AGE-RELATED CHANGES IN THE NEUROLOGIC SYSTEM
Deborah A. Kegelmeyer, PT, DPT, MS, GCS
The neuromuscular system undergoes many age-related changes that can negatively impact function. Normal age-related changes occur at a rate of 1% per year, starting at age 30.1 Therapists need to understand the importance what constitutes a normal age-related change as opposed to pathologic changes as behaviors that fall outside of what is considered to be the range of normal function should be assessed and treated. Changes occur in the brain, spinal cord, and peripheral nervous system. These changes also lead to changes in the musculature. In addition, the sensory system declines with age and this impacts motor function. The cases in this chapter provide examples of both normal age-related and pathologic changes to the neuromuscular system.

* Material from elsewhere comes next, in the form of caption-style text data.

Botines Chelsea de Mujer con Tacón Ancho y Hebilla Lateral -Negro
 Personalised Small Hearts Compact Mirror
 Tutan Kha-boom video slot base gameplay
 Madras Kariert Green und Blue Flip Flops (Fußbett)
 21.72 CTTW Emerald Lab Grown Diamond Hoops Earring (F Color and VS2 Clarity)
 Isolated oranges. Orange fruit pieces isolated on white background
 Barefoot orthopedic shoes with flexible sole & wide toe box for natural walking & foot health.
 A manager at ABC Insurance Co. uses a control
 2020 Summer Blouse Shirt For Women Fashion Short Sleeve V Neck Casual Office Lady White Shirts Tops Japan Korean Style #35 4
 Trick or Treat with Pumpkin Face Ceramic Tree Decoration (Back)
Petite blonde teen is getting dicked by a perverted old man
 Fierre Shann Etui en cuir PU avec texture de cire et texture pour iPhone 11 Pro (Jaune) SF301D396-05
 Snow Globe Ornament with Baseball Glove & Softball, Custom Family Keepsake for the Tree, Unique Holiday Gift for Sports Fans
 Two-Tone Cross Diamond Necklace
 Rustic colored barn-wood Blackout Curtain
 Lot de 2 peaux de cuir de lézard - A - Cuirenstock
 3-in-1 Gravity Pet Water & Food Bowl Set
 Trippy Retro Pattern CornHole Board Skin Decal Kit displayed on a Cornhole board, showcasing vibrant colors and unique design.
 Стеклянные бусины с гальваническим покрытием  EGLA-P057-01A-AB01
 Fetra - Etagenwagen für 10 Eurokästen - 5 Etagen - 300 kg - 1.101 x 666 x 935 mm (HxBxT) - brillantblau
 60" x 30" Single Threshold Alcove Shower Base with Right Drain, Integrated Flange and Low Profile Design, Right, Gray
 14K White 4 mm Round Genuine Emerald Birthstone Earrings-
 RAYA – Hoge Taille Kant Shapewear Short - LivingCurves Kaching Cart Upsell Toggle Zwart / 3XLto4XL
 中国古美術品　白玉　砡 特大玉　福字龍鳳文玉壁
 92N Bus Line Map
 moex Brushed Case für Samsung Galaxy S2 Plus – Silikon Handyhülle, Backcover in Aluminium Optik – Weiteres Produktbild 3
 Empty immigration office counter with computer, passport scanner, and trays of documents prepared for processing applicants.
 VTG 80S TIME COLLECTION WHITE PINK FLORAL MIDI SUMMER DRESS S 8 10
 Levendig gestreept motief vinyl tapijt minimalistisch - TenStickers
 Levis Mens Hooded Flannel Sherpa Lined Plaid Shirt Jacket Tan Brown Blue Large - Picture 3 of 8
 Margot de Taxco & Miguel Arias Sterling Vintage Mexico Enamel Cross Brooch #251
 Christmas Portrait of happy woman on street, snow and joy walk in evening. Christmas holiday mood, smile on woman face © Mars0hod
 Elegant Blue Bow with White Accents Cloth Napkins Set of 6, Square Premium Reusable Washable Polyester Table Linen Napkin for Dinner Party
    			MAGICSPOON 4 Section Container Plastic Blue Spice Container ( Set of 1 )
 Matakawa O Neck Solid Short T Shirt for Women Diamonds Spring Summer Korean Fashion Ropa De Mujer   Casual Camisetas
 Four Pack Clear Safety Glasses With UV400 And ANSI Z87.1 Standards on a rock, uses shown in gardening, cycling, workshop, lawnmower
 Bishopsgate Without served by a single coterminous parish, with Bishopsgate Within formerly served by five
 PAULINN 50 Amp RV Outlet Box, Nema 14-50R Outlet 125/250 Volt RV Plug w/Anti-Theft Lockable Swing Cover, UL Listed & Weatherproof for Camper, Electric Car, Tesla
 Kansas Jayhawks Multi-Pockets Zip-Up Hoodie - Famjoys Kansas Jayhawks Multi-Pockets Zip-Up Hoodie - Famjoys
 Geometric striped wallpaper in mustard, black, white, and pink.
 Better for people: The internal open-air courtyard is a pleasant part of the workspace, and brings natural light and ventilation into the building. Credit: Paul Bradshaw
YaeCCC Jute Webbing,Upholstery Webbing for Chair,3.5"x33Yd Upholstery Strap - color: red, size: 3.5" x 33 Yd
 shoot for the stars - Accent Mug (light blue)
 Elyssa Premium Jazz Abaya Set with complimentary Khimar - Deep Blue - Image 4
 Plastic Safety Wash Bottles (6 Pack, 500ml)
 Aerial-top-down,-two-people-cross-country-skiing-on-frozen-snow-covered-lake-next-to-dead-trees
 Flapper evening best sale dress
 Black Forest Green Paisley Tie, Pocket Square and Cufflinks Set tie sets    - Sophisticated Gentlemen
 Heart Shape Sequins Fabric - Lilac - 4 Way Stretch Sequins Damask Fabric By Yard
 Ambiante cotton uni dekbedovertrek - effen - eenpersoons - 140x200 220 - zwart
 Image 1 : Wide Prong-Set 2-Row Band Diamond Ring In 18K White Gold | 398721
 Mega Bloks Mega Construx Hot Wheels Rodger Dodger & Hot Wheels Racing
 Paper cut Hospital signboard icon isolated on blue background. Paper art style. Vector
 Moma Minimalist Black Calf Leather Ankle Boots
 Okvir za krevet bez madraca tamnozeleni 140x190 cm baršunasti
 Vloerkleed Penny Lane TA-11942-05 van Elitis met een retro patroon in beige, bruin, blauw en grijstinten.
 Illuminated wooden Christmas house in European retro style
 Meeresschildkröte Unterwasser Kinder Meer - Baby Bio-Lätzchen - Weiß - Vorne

It is necessary for therapists to have an understanding of the anatomy and physiology of the aging neurologic system to successfully treat their clients. Anatomic changes include a decline in brain volume overall with the greatest age-related differences in the prefrontal and orbitofrontal cortices. These areas are critical for executive function and memory.2 The parietal cortex also shows more age-related differences in gray matter volume than either the temporal or occipital regions. Motor control is not only dependent on these areas but is also more dependent on these areas in the elderly than in young adults. Subcortical structures, including the cerebellum and basal ganglia, also exhibit reduced volume with aging. The cerebellum is important for movement timing and coordination, while the caudate nucleus of the basal ganglia is involved in skill acquisition, specifically motor planning. Declines in white matter volume begin later but continue at a more accelerated rate than gray matter changes. Changes in the corpus callosum, the largest white matter bundle, significantly impact interhemispheric communication that is critical for bimanual coordination. There is a decrease in myelin in the gracilis fasciculus and an associated decrement in vibration threshold, indicating that fibers conveying proprioception are most affected by aging, which may contribute to balance deficits due to the loss of long latency postural reactions.2 Fortunately, some brain areas do not exhibit age-related changes, including the cingulate gyrus (influential in linking behavioral outcomes to motivation) and the occipital cortex (vision).2
In addition to the anatomic changes there are decreased levels of critical neurotransmitters in the aging brain. Acetylcholine declines are noted in the hippocampus and associated with changes in memory function. 3 Changes in dopamine are associated with declines in frontal lobe function, including executive function and working memory. In addition, the loss of dopamine is closely linked to impairments in gait, balance, and fine motor control. 3 Alterations in serotonin with age correlate with declines in activity level and diminished balance in mice. 3 Norepinephrine levels decrease in the cerebellum and are related to diminished motor learning with age.